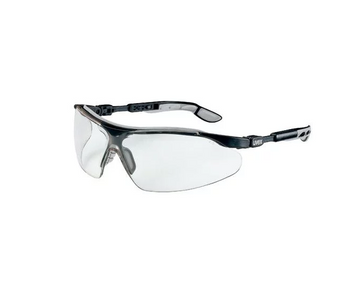 Uvex welding safety glasses Safety Glasses Model ( I-Vo - Clear )
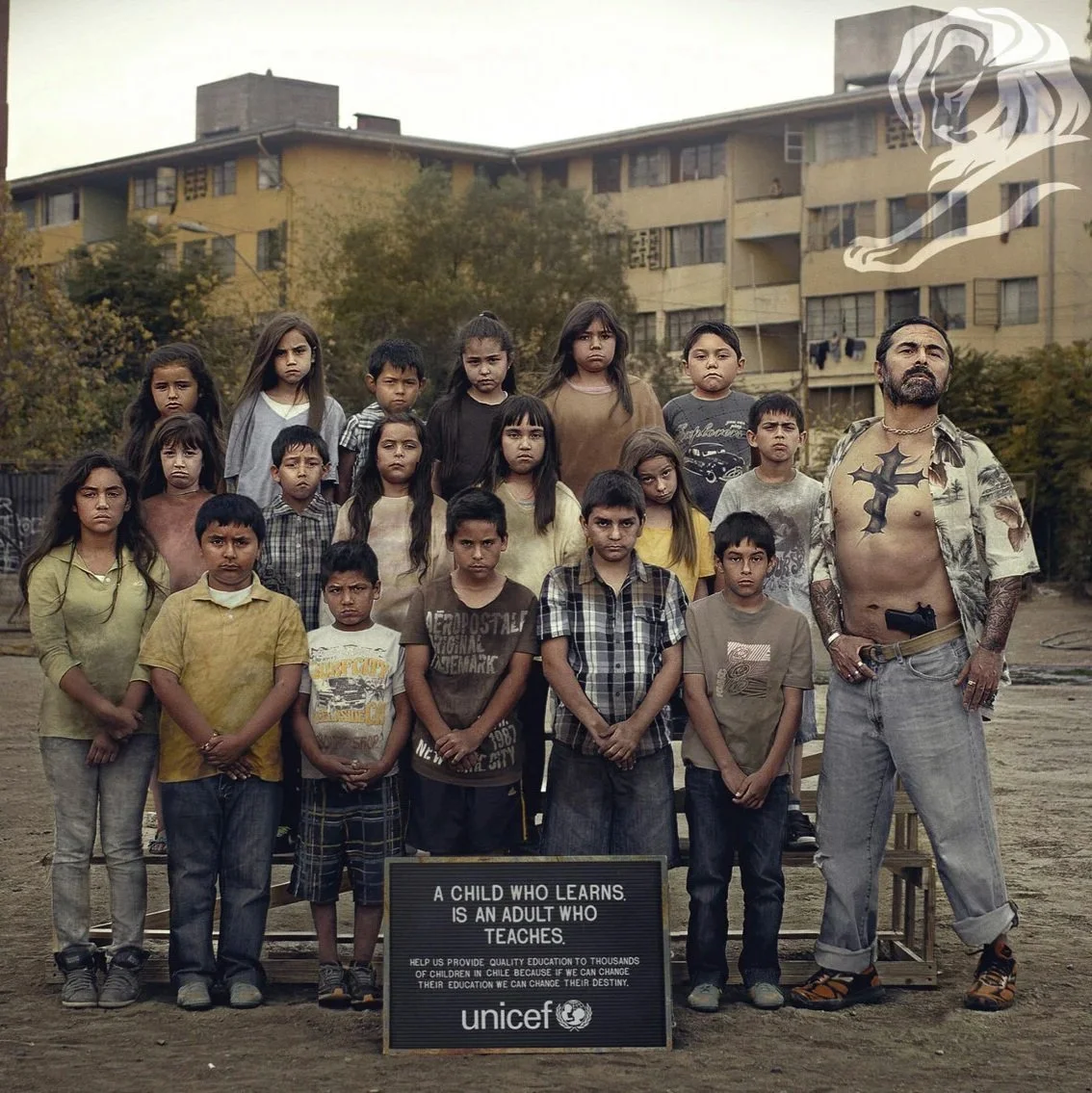  "Graduation" - Unicef  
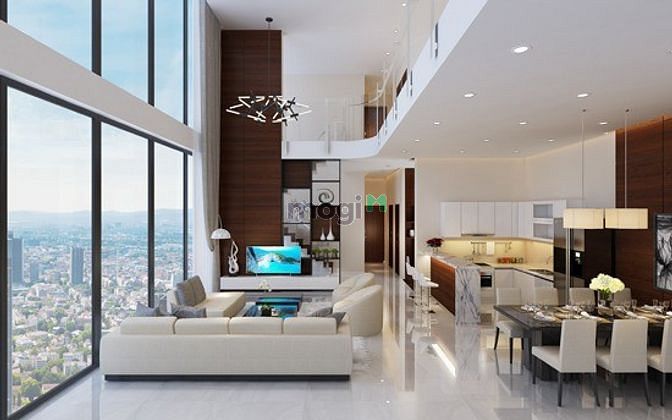 Hình ảnh Hotiland.info - Giá Sunrise City 1 2 3 4PN 2PN giá 3TỶ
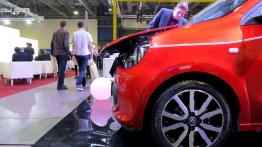 Nowości polskiego rynku w Warszawie - relacja z Fleet Market 2014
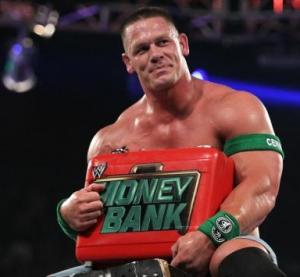 John Cena potrebbe incassare subito?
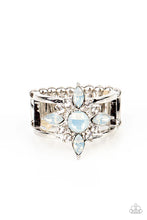 Load image into Gallery viewer, Opal Orchards - White Ring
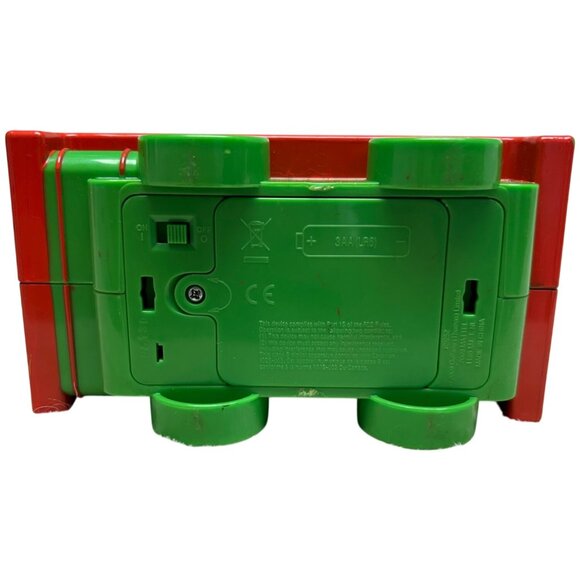 Percy The Small Engine FLASHLIGHT Battery-Operated Toy Train - Picture 3 of 6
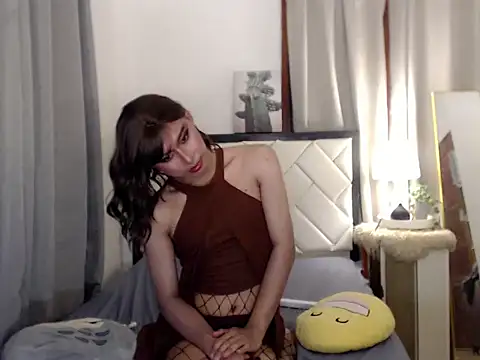 _CandyTwink_ Live XXX Chat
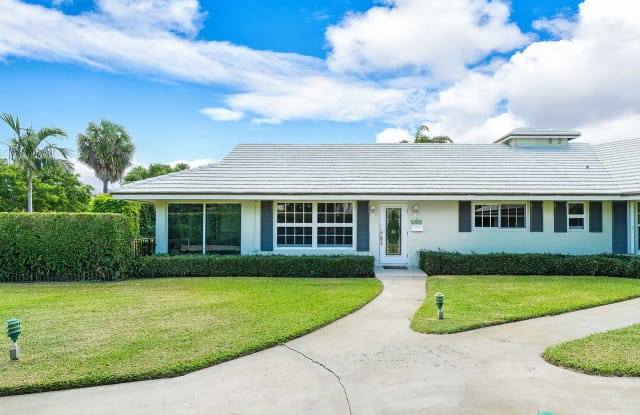 1009 Langer Way - 1009 Langer Way, Delray Beach, FL 33483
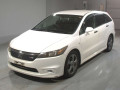 2008 Honda Stream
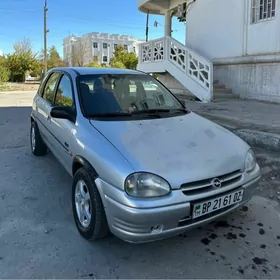 Opel Vita 1995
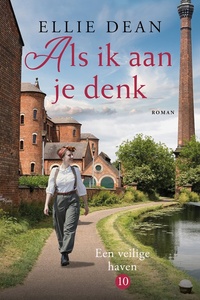 Een veilige haven 10 - Als ik aan je denk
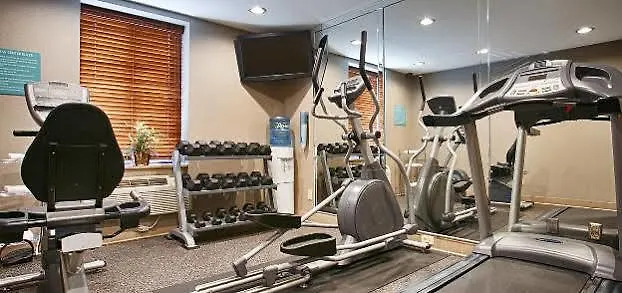 Best Western JFK Airport New York Hotel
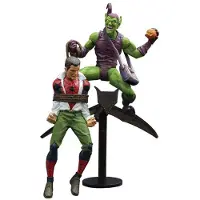Diamond Select Förundran Välj Action Classic Goblin Figur 18 Cm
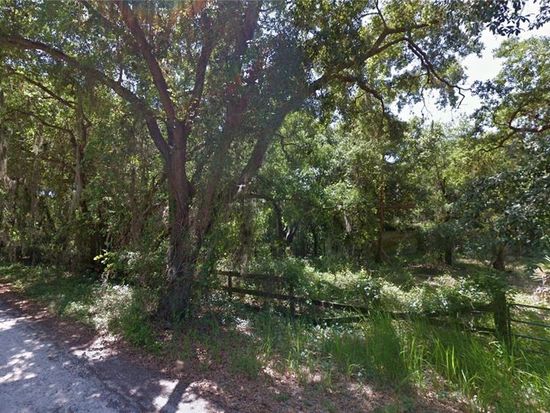 125 OAK LANE LOT 2, Zolfo Springs, FL 33890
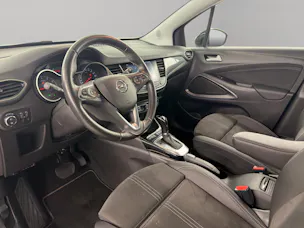 Opel Crossland 1.2 T 130 Elegance Blitz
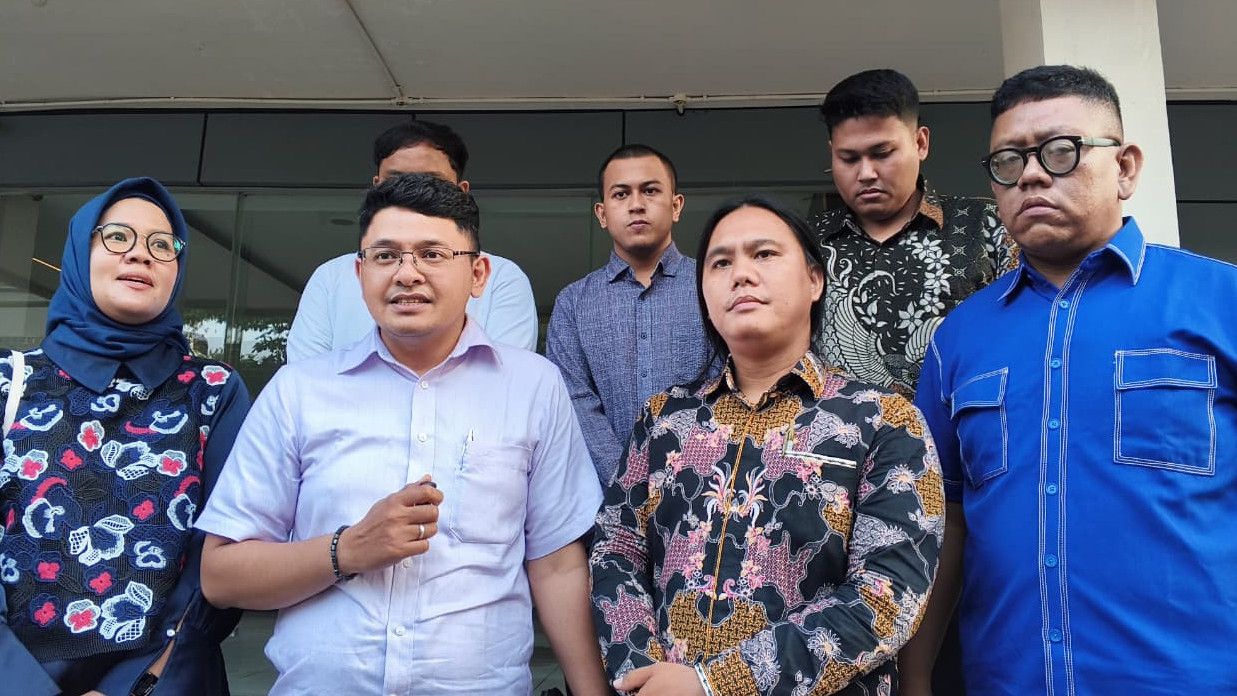 Geram Data Pribadi Diduga Dicatut Jadi Nasabah Asuransi, Warga Jakbar Lapor Polisi
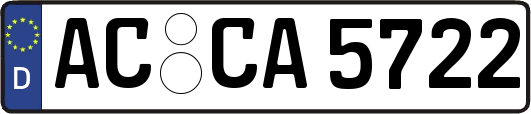 AC-CA5722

================

• **What this task involves**:
All lines from the start of the entries above through the line containing "Best Western JFK Airport New York Hotel" are to be given again exactly; the pictures are not.

• **Problem solution**:
 Uvex welding safety glasses Safety Glasses Model ( I-Vo - Clear )
  "Graduation" - Unicef  
 Hình ảnh Hotiland.info - Giá Sunrise City 1 2 3 4PN 2PN giá 3TỶ
 Nowości polskiego rynku w Warszawie - relacja z Fleet Market 2014
 John Cena potrebbe incassare subito?
 Load image into Gallery viewer, Opal Orchards - White Ring
 Percy The Small Engine FLASHLIGHT Battery-Operated Toy Train - Picture 3 of 6
 _CandyTwink_ Live XXX Chat
 1009 Langer Way - 1009 Langer Way, Delray Beach, FL 33483
 2008 Honda Stream
 Opel Vita 1995
 Een veilige haven 10 - Als ik aan je denk
 Best Western JFK Airport New York Hotel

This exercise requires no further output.